The negative rate policy, whereby banks pay to park their money at the central bank, originated in 2016 as part of the previous BOJ governor Haruhiko Kuroda’s attempt to tame deflation, a legacy of the post-bubble economy years. The same methods were employed by the European Central Bank and the Swiss National Bank.

There is not much evidence it did any good; but while the experiment was abandoned elsewhere, in Japan it endured, possibly due to Kuroda’s personality and his stubborn refusal to give up on his signature inflationary dream.

When Kuroda stepped down last April, the new broom was expected to sweep clean. He has taken his time, but successor Kazuo Ueda finally found the impetus for scrapping the world’s last negative rate policy when positive data indicated a healthy wage/price increase cycle. Salaries are up 5.28% according to Rengo, the largest labour organisation, as are prices, which were given a boost by the rising cost of imports following the outbreak of the Russia-Ukraine war.

The significance of the hike is probably less the immediate effect it will have on the Japanese economy — the yen actually fell when Ueda ruled out further rate increases — but more how it fits into what looks like a more flexible and dynamic approach to longstanding issues from the government of Fumio Kishida.

Take immigration as an example. For years, the Japanese refused to contemplate increases despite labour shortages and a critically ageing population. Recently, though, new visa categories have been created, greatly facilitating the ingress of skilled and unskilled workers. The number of foreign residents in Japan rose to a record 3.2 million last year.

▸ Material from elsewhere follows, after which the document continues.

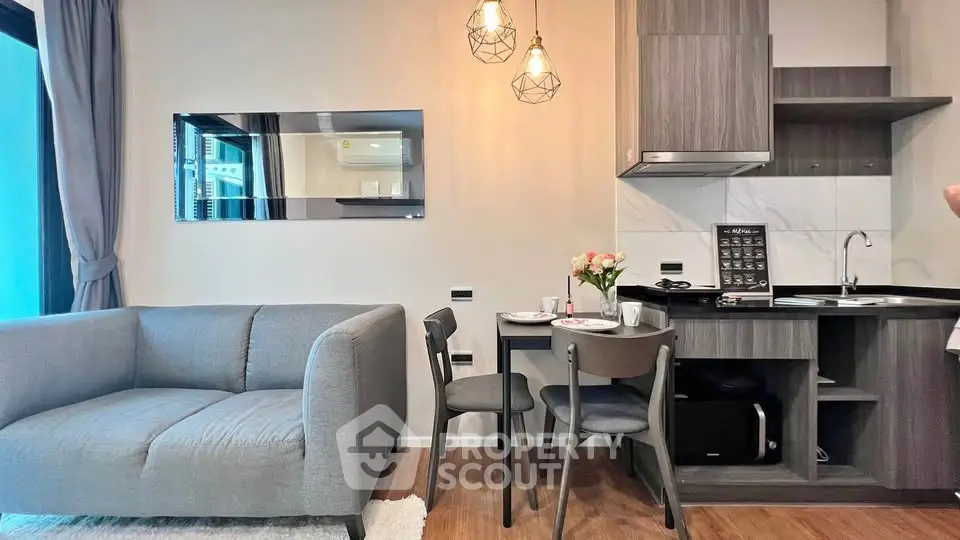 Modern living room with stylish kitchen and cozy dining area in open layout apartment.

Japan has also revised its position on nuclear energy, with plants mothballed since the Fukushima disaster of 2011. In February 2023, Japan’s Cabinet approved the construction of new nuclear power reactors while the operational life of existing reactors was extended from 40 to 60 years.

Necessity has been the mother of invention in much of this, but it can hardly be coincidental that these shifts have happened as the old guard has melted away. After the assassination of former prime minister Shinzo Abe in 2022, his powerful faction within the ruling LDP (Liberal Democratic Party) has failed to find a successor. And this year a slush fund scandal led to the group’s auto-dissolution after 45 years of dominating Japanese politics.

There is a feeling of new beginnings here in Japan, of space opening up. Enormous problems remain, but at least these problems are being properly acknowledged and realistic solutions proposed. Ueda’s rate hike may be tiny (-0.1 to +0-0.1%) but it feels like a movement in the right direction, a movement paralleled elsewhere in this endlessly resilient society.

Philip Patrick is a lecturer at a Tokyo university and a freelance journalist.